October 13 1868, Edison executed the first of his 1,093 successful U.S. patent applications at the age of 21. He filed an estimated 500–600 unsuccessful or abandoned applications as well
October 13 1868 ,Edison executed the first of his 1,093 successful U.S. patent applications at the age of 21. He filed an estimated 500–600 unsuccessful or abandoned applications as well. Unfortunately, the names given Edison's patents are too irregular to make simple word searches an accurate means of finding patents for particular technologies. His issued patents are presented here in three lists—by execution date, patent date, and subject. The execution and patent date lists are each presented in six parts to make the files less cumbersome.
The execution date of a patent application is the date on which the inventor signs the application, and hence is the date closest to the actual inventive activity. However, in his early years Edison did not always rush to his patent lawyer with an invention, especially if there was little competition for the invention or he was feeling broke and unable to pay the various fees involved in an application. In a few cases Edison removed some of the claims from an original application and filed a new application to cover those claims. The execution date of such a patent can be considerably later than that of the original application even though the patent covers designs from the earlier date.
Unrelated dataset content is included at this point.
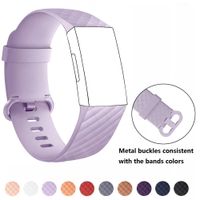 DB Replacement Bands Compatible for Fitbit Charge 3 & Charge 3 SE, Classic & Special Edition Adjustable Sport Wristbands Large & Small for Women Men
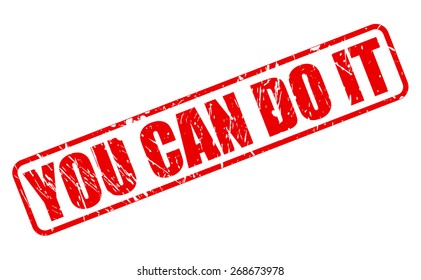 You can do it red stamp text on white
The patent date is the date when, with all fees paid, the Patent Office issues the patent certificate to the inventor. Under normal circumstances it took months of correspondence and amendment of the application before the patent examiners decided that an invention was sufficiently original to be patented. If an interference was declared—that is, if the examiners determined that another patent application was claiming the same invention—then years could pass before a decision was made and a patent awarded. (There is a fuller description of the American patent system in Edison's time at The American Patent System.)
The subject lists below are necessarily somewhat arbitrary. The patents within each category are arranged by execution date. A few patents appear in two lists—for example, patent 142,999 describes a battery Edison developed for telegraphy, and it is included under both "Batteries" and "Telegraphy and Telephony."
Edison received many patents in countries other than the United States. No complete list exists, but Dyer and Martin's 1910 biography, Edison: His Life and Inventions , contains a compilation of 1,239 non-U.S. patents awarded in 34 countries. Edison's British patents for the years 1872–1880 appear in a bound volume in the Charles Batchelor collection.
There is an on-line database of all U.S. patents at the U.S. Patent and Trademark Office . Patents before 1975 are searchable by patent number and classification, and patents issued between 1790 and 1836—which were not numbered—have been assigned chronologically ordered "X" numbers . The USPTO also hosts a great deal of information about current patent practice. Databases at the Delphion Intellectual Property Network include U.S. patents since 1971, European patents since 1980, and Japanese patent abstracts since 1976.